When Turbin was told of his friend's response, the running back had a different opinion. It was something like, "I don't know. I think he'd end up on his back."
He laughed, too.
There's no way to know, with any certainty, which Aggie was right and which was wrong, but as Seattle Seahawks, in some scrimmage, sometime, somewhere, they may yet give us an answer. It doesn't really matter because, turns out, they're both going forward. The two pillars of a rebuilt Utah State football program will now continue their careers as teammates in Seattle, Wagner drafted in the second round and Turbin in the fourth.
And how can this not be a feel-good story?
Making the whole thing even better is that their Aggie teammate, Michael Smith, was also drafted, taken in the seventh round by the Tampa Bay Buccaneers. Compare that with Utah, which had only one player, Tony Bergstrom, drafted and BYU, which had no one selected, and it speaks highly of Gary Andersen's effort to give new breath to a long-dormant football program.

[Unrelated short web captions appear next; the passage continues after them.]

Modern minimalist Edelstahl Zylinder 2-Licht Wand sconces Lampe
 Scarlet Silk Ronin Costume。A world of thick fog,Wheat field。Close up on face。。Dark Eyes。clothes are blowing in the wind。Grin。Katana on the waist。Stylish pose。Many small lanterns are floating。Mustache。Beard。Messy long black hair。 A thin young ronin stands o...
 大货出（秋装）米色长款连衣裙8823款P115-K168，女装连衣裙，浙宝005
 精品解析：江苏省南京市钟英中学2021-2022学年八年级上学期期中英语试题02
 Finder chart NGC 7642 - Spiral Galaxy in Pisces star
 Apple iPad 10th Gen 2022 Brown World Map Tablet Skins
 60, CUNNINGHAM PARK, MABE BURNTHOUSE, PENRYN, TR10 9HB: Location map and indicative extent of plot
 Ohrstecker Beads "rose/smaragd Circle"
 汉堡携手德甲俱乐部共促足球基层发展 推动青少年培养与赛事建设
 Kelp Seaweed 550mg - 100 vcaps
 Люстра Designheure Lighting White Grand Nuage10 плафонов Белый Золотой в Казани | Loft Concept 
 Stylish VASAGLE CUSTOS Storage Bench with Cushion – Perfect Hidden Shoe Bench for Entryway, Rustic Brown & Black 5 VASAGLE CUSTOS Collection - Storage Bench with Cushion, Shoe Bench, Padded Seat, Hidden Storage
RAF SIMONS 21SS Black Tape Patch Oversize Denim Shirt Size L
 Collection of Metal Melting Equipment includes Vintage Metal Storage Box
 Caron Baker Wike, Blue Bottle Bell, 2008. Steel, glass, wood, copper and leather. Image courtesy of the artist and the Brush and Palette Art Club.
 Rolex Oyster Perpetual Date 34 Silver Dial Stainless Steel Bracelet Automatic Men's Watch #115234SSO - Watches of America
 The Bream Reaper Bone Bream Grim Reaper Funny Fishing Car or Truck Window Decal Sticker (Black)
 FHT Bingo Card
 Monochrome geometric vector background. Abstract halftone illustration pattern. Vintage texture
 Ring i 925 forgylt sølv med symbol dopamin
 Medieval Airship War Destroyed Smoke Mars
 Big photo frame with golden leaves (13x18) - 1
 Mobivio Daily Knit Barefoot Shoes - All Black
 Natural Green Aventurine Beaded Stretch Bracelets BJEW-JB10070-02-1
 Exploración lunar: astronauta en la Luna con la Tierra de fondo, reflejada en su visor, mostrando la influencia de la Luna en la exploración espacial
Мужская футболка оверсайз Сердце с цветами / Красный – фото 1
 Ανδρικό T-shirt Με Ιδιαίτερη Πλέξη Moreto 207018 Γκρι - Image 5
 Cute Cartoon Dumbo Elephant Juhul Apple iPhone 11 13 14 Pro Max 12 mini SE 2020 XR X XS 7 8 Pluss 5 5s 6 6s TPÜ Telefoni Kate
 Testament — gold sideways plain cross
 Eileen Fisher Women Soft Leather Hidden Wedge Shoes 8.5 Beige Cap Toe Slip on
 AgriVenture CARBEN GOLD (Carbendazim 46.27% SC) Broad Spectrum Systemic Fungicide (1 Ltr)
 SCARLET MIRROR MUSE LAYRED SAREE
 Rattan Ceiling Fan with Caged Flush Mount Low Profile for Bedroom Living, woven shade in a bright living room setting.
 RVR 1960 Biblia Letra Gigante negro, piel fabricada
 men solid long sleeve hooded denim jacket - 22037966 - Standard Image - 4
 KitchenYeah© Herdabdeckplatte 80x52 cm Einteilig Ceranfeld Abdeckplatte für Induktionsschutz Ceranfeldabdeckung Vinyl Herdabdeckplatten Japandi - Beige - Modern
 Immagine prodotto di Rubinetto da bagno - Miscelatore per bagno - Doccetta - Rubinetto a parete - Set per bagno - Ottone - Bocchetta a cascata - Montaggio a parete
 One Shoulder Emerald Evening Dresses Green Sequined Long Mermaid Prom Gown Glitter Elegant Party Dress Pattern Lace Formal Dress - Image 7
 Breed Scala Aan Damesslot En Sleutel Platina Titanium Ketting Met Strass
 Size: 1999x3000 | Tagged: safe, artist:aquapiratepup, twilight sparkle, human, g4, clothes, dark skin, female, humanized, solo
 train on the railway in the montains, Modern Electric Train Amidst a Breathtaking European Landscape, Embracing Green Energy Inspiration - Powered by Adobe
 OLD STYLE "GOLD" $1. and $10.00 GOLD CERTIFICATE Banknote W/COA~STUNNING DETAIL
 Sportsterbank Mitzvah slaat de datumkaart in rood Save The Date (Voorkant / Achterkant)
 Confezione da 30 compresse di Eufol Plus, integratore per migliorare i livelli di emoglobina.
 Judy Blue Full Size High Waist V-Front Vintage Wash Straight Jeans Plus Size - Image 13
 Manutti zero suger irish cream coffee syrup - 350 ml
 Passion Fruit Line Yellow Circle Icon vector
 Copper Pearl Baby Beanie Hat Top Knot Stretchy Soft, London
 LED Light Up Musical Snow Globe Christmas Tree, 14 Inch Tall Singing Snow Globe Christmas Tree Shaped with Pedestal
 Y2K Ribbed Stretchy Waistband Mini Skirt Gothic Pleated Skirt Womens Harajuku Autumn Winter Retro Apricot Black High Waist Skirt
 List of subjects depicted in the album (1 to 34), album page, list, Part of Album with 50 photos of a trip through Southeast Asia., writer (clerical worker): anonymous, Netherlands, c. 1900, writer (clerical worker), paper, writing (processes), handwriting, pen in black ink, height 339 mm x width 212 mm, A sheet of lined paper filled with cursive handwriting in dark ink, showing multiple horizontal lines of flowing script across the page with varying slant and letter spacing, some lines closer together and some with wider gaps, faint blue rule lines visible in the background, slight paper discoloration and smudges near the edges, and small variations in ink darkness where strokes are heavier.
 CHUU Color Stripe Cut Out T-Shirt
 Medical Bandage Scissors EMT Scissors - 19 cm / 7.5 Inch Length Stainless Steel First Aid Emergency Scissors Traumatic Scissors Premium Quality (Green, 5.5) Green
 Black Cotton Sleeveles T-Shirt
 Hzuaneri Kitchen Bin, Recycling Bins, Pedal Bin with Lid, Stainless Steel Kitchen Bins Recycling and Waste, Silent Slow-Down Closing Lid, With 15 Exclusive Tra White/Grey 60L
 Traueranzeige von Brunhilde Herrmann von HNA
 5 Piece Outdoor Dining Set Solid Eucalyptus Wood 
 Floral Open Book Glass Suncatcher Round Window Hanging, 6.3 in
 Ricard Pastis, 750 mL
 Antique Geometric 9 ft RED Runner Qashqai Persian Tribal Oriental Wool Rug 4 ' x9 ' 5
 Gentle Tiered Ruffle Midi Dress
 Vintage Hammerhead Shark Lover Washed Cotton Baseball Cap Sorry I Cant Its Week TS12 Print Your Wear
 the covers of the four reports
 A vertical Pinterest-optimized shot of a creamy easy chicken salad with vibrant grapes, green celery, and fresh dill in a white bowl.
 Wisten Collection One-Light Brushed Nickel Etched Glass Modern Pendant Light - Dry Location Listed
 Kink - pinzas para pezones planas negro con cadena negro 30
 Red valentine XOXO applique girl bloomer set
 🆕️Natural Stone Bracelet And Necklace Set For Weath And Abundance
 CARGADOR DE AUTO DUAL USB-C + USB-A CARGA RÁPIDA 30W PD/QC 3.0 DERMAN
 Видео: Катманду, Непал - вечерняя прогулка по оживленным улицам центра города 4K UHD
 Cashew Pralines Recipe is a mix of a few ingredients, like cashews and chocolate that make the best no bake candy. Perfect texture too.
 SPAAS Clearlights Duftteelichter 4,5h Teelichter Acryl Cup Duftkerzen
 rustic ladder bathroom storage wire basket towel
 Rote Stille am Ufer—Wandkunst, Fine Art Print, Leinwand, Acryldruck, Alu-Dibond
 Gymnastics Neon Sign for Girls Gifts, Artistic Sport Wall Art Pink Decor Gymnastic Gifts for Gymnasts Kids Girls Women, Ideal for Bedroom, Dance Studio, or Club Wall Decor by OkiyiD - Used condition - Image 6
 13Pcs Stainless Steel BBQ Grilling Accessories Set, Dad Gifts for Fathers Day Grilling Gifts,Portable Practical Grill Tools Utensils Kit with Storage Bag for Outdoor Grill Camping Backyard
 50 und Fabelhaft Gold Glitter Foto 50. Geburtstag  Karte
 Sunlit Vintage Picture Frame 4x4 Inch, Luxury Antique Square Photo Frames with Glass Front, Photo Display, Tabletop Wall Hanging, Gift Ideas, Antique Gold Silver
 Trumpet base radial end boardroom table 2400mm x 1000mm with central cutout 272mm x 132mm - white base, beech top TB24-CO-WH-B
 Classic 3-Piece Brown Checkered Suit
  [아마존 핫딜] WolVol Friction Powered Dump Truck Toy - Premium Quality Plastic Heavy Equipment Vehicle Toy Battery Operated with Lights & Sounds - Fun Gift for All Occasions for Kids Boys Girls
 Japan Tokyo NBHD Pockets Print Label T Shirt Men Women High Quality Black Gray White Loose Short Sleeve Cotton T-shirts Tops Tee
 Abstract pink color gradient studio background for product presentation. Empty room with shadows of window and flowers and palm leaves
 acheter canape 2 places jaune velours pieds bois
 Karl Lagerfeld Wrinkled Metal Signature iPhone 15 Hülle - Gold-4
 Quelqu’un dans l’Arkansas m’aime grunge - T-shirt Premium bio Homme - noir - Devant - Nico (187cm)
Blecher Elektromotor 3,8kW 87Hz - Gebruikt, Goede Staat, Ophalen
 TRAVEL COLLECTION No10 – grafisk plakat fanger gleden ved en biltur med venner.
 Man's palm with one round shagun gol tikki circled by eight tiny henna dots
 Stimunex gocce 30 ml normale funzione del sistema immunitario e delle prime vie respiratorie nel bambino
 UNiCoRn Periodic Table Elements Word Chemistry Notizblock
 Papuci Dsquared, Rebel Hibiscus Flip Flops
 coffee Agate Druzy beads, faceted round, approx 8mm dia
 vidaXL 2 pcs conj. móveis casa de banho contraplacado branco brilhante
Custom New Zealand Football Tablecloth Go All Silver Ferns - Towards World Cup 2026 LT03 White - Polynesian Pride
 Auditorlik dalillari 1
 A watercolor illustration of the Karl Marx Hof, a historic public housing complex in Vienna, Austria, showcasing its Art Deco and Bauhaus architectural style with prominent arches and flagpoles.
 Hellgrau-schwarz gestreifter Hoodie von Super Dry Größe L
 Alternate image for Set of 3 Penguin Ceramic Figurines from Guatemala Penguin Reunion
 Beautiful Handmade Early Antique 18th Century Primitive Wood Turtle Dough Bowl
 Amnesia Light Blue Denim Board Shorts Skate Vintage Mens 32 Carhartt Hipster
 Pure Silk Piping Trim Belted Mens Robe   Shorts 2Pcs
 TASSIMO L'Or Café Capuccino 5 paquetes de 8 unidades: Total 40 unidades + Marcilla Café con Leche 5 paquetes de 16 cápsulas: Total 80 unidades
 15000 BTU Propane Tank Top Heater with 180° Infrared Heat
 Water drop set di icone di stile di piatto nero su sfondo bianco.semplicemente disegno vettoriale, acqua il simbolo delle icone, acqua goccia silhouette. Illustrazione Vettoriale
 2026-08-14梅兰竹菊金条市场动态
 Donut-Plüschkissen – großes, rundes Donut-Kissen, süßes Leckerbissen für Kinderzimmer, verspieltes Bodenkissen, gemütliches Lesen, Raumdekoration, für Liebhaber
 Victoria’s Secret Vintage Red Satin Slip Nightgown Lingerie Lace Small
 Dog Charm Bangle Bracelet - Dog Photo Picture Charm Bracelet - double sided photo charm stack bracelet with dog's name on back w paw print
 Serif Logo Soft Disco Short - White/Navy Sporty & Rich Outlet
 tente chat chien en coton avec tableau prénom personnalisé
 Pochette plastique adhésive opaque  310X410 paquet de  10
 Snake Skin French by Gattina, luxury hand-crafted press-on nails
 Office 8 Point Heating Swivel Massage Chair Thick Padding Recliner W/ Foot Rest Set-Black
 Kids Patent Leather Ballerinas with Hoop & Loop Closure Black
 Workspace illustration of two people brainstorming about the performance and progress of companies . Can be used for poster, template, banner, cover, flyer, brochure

"It means a lot," Turbin said. "It shows that Utah State is rising, as we should and as we planned. There will be more good players to come out in years to come."
It speaks well of Turbin, Wagner and Smith that they always cared about Utah State football, beyond just their own prowess. Turbin said one of the major reasons he went to Logan, beyond the fact that USU was one of the only schools that wanted him as a running back, was because he saw himself lifting the whole thing to a better place.
"It was the kind of team I wanted to be on to help them turn the page, to help them become a winning team," he once told me.
And that's exactly what happened.
After his last game with the Aggies in the Famous Idaho Potato Bowl, Wagner said he took great satisfaction in what had been accomplished at Utah State, the new foundation of winning, the new positive attitude, that had been generated there: "We turned the program around. I'm proud to be a part of that."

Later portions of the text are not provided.